Cash Flow With Joe

How can we structure this deal?

How can we structure this deal?

 

In the summer of 2010, I was blessed to have a sure-enough successful husband-and-wife real estate investor team take Ashley and me under their wings. They have a passion for giving and enjoyed teaching aspiring and established investors alike on how to creatively structure deals. Without them, Ashley and I wouldn’t be where we are. That passion lives on today as they travel around the country teaching on the same topic. Their names are Bill and Kim Cook, and they are just wonderful people.

 

At that time, Bill and Kim were doing a monthly REIA (Real Estate Investor Association) event at their personal home situated on a 20-plus acre horse farm in Adairsville. The name of the REIA was called REIA Rancho, and the memories I have of being on the ranch bring back immediate nostalgia and a great big smile. For some reason, you always felt like you were coming home when you went up to the ranch.

 

It was there that I really got introduced to creative deal structuring. Bill would say that all deals are possible. What he meant by that was that you could do any deal and make it profitable if you found the right structure to make it happen.

 

He would take a white board and write some information about a house on it in front of the 40 people huddled up in the living room. He would then ask us how to structure the deal for that house. People would ask questions and give their input. And by the time we were through, there were at least three ways to make the deal happen.

 

I learned so much from the exercise.

 

I’d like to do the same for you on a house I went to last week. But since you aren’t here to ask questions, I’ll take the lead and write as I think out loud.

 

We’ll call the house Cottonwood. It’s a late 60’s, three-bedroom, one-bath ranch. Currently, it has a mortgage against it with a principle balance of $28,000. The mortgage payment for principle and interest is $390 a month, and the interest rate is 11.25%.

 

Rehab wise, it could use new windows.
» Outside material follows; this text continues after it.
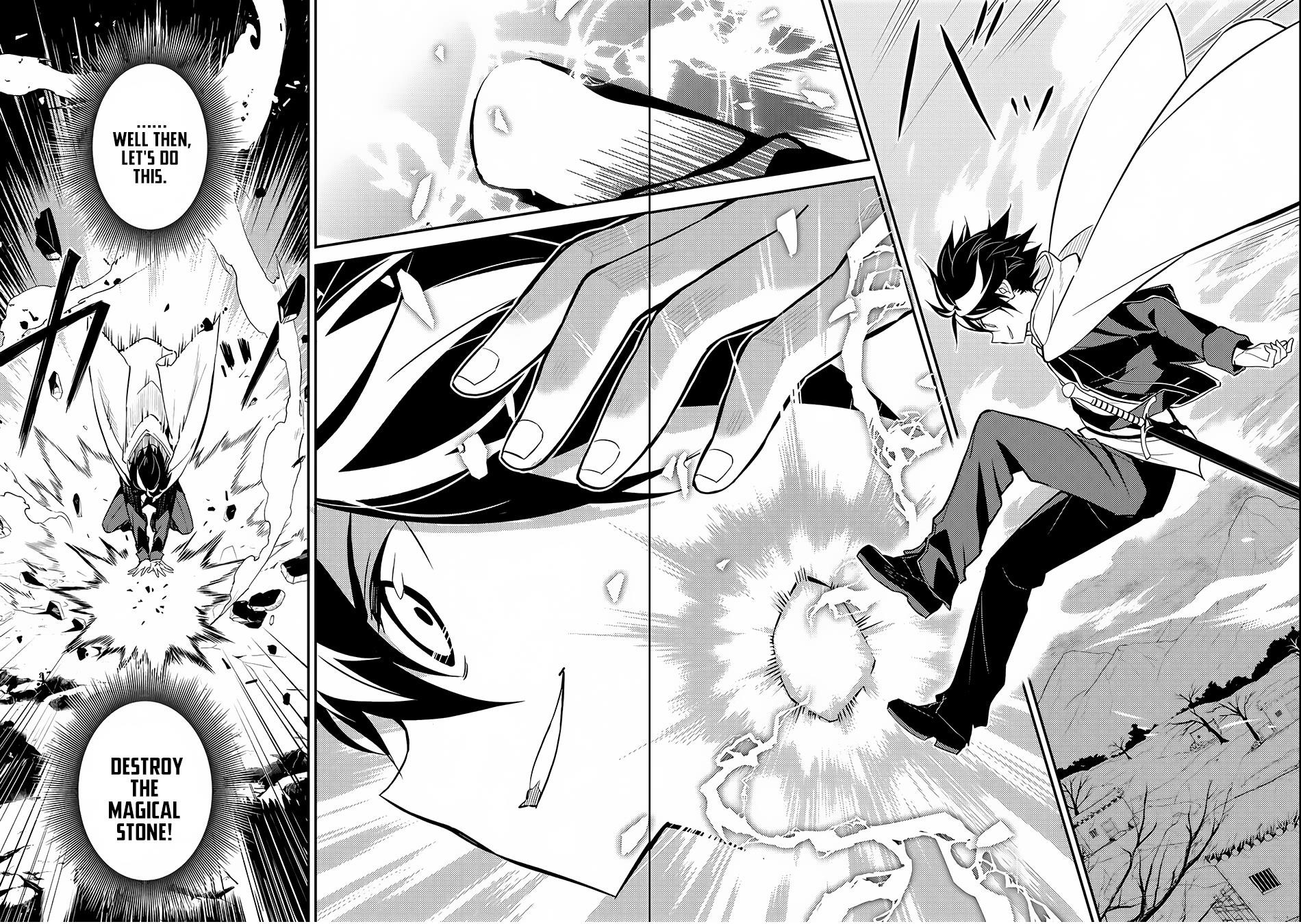 Shikkaku Mon No Saikyou Kenja Chapter 14 - Page 45 in English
The HVAC, roof and septic have been updated. It has hardwoods throughout, but there was leak around the water heater that has caused some damage. At 1,100 square feet, I’d say the rehab would run $17,000 to flip or $5,000 to rent.

 

The after-repair value on this house is only $60,000 due to location and age. But it would rent for $700 a month.

 

The seller is selling because they don’t want to keep making two payments. They’re open to any kind of offer and really just want to be done with it. They asked if we could give them payoff for the house.

 

So the first question we need to answer is “Is this a flipper or a keeper?”

 

For me, there is not enough meat on the bone to flip this house. If it were in a better location, I may consider it. But not in this case.

 

 

So how could we keep it?

 

This deal isn’t good enough for me to pay cash. That being said, a subject-to deal is possible. That’s where you buy a house and leave the seller mortgage in place after the closing. The house would only cashflow around $100 a month. That’s not a lot to take on a debt with an 11.25% interest rate. But it’s still doable, especially since I forgot to mention there’s only nine years left to pay on the mortgage.

 

Another thing is that it’s on the outskirts of my area. I’m not sure if I really want it. So how could I test drive this deal to see if I do? It could be done with a lease option.

 

What if I leased the property from the seller at a rate equal to the mortgage payment with the right to sublease the house? I could then rent it for the $700 and increase the cashflow to closer to $300 a month. I could get an option to buy this house, subject-to the existing mortgage for a time in the future after I feel comfortable with the property. And If I don’t, I can walk away at any time.

 

That seems safer, more profitable and is just one of the many ways we could structure this deal.